«Lo que más me atrae de la comedia es que se pueden decir muchas cosas graves con la sonrisa en los labios. Denunciar, inculpar a mucha gente entre sonrisas, invitando al espectador a que piense lo que se le ha dicho con tanta gracia». Estas palabras del actor José Luis López Vázquez (recogidas en el libro «18 españoles de posguerra», de Diego Galán y Fernando Lara, 1973) son la mejor definición mundial del humor. Aunque cueste reconocerla en muchas de las cosas que hoy se nos sirven en la mesa con esa etiqueta genérica. Siempre pasa. No falla. Si algo se pone de moda, la banalización es el siguiente capítulo. Clubs de las comedias y series que estiran sus gags hasta lo sobrenatural para cumplir con una duración imposible y eterna, tienen su parte de culpa. Pero hay más.

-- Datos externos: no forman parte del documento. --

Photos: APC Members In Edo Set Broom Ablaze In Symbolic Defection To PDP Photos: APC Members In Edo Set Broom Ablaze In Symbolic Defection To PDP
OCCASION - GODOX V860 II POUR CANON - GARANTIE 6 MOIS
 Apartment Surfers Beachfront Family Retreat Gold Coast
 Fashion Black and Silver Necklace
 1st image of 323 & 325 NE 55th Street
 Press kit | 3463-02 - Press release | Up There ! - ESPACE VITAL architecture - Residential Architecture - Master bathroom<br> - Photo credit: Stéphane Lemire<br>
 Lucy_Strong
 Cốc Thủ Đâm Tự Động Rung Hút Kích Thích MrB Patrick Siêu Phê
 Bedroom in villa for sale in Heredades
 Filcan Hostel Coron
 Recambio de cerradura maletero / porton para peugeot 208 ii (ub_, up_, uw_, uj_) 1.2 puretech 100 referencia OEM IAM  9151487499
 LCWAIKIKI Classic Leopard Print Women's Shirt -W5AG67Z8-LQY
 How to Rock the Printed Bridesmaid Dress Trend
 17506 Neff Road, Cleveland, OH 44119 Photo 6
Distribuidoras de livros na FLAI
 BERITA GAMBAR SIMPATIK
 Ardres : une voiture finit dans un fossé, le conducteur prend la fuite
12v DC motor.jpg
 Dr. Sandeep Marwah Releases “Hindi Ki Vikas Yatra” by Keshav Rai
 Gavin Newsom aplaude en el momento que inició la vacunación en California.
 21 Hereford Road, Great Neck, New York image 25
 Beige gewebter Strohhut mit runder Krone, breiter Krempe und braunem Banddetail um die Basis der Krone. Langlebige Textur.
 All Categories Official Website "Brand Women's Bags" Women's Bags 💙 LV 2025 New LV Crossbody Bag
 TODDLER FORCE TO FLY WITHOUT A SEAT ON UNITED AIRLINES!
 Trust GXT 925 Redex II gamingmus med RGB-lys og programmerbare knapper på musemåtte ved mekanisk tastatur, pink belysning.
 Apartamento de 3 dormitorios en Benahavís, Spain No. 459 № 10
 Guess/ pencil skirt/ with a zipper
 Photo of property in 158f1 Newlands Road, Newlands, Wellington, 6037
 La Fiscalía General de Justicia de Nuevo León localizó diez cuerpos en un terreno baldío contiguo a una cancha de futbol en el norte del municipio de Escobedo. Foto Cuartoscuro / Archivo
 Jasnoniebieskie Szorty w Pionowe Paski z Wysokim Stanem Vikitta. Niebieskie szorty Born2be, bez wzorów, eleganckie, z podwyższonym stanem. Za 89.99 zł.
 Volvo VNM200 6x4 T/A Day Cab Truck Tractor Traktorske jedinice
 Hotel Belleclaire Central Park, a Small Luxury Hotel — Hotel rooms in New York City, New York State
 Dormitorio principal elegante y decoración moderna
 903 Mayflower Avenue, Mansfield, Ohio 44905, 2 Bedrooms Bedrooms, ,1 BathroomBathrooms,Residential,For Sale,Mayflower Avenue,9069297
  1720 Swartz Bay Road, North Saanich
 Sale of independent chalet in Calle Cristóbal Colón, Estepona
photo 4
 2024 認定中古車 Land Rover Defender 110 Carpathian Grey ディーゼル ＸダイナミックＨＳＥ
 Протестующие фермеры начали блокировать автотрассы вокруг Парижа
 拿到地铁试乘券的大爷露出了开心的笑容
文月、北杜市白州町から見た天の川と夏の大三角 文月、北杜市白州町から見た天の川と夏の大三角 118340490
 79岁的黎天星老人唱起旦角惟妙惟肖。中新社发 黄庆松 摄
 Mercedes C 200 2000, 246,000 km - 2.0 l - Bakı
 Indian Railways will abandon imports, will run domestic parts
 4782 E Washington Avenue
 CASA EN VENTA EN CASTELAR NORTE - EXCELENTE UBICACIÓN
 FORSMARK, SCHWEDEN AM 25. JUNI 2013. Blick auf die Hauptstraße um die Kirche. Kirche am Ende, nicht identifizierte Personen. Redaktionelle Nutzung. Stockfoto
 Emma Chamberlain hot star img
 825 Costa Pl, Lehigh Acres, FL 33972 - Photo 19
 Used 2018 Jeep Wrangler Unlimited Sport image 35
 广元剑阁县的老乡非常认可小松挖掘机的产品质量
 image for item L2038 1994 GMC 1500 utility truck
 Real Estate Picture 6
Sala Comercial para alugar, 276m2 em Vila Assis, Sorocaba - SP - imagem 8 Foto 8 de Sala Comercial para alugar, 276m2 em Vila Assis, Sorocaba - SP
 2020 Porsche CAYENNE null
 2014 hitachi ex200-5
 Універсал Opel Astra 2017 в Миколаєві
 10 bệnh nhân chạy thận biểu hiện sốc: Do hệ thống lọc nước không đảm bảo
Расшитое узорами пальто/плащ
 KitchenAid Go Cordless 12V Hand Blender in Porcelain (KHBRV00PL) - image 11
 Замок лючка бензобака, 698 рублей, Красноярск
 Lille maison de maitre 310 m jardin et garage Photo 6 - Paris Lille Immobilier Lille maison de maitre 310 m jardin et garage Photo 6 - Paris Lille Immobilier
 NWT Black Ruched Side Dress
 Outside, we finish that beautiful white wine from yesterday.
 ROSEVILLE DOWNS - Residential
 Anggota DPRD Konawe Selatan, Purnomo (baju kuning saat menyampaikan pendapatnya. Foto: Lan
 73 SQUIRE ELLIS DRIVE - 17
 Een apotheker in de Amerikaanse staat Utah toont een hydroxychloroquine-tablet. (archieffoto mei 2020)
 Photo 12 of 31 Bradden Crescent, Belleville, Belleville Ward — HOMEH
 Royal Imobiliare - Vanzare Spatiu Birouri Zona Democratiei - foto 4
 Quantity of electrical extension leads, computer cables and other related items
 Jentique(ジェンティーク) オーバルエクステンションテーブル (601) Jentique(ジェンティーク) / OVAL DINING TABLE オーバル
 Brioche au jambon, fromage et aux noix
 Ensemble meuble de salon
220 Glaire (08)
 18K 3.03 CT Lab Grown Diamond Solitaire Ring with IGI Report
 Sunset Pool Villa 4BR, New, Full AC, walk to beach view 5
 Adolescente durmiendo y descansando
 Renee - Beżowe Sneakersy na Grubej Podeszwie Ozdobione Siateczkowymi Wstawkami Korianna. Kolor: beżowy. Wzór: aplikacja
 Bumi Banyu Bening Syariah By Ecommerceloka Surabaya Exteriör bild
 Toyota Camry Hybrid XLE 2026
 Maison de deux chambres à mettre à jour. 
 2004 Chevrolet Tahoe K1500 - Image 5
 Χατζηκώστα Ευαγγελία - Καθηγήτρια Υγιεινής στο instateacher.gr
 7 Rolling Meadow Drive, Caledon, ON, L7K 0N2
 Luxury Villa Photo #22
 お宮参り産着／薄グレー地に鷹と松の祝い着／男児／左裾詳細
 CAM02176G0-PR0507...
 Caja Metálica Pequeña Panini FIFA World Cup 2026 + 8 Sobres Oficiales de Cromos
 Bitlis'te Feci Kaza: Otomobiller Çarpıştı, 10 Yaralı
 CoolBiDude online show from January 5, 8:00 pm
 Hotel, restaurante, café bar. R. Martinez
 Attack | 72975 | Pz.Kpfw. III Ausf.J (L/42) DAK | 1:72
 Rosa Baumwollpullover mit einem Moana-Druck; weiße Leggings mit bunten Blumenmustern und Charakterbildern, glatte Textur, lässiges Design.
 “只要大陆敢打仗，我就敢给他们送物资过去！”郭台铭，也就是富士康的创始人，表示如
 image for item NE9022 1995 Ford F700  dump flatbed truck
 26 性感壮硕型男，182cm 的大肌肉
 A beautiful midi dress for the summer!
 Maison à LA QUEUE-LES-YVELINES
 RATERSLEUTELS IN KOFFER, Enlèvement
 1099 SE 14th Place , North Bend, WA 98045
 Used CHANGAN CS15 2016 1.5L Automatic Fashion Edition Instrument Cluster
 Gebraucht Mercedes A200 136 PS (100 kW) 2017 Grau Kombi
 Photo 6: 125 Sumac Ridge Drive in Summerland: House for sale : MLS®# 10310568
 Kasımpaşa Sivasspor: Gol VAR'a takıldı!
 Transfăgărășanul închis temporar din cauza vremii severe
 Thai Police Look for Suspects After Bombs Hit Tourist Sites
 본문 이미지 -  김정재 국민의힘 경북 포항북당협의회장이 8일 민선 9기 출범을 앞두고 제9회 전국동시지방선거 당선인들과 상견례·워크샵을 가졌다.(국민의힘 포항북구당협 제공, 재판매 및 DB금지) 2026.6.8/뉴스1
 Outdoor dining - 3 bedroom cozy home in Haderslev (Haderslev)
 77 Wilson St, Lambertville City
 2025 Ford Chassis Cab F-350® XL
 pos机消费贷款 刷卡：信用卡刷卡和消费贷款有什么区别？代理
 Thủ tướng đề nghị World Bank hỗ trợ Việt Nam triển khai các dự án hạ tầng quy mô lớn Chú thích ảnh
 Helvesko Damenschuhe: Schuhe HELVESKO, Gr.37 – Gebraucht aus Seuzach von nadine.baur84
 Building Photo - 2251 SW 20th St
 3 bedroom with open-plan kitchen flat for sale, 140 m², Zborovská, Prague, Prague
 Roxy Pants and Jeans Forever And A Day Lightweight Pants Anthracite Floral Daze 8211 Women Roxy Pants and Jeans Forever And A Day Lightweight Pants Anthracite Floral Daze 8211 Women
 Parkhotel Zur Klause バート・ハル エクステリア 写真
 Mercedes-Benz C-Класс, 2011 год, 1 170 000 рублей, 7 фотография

Todo el mundo se cree gracioso. Todo el mundo piensa que en su interior anida un fenómeno de la carcajada ajena. Todo el mundo presume de tener sentido del humor. No les importa que a sus ocurrencias les siga el silencio más absoluto. Eso, las primeras veces. Después, la indiferencia. Los susodichos, lejos de reconocer su laguna, cargan contra el resto y se escudan en esa indecencia, acuñada hace unos años, del humor inteligente para seguir escupiendo gracietas baratas que nunca deberían haber abandonado el esófago. Mención aparte merecen los que se lo juegan todo a la provocación ruidosa. Sin olvidar a los que ejercen de festeros las veinticuatro horas del día con afán cansino.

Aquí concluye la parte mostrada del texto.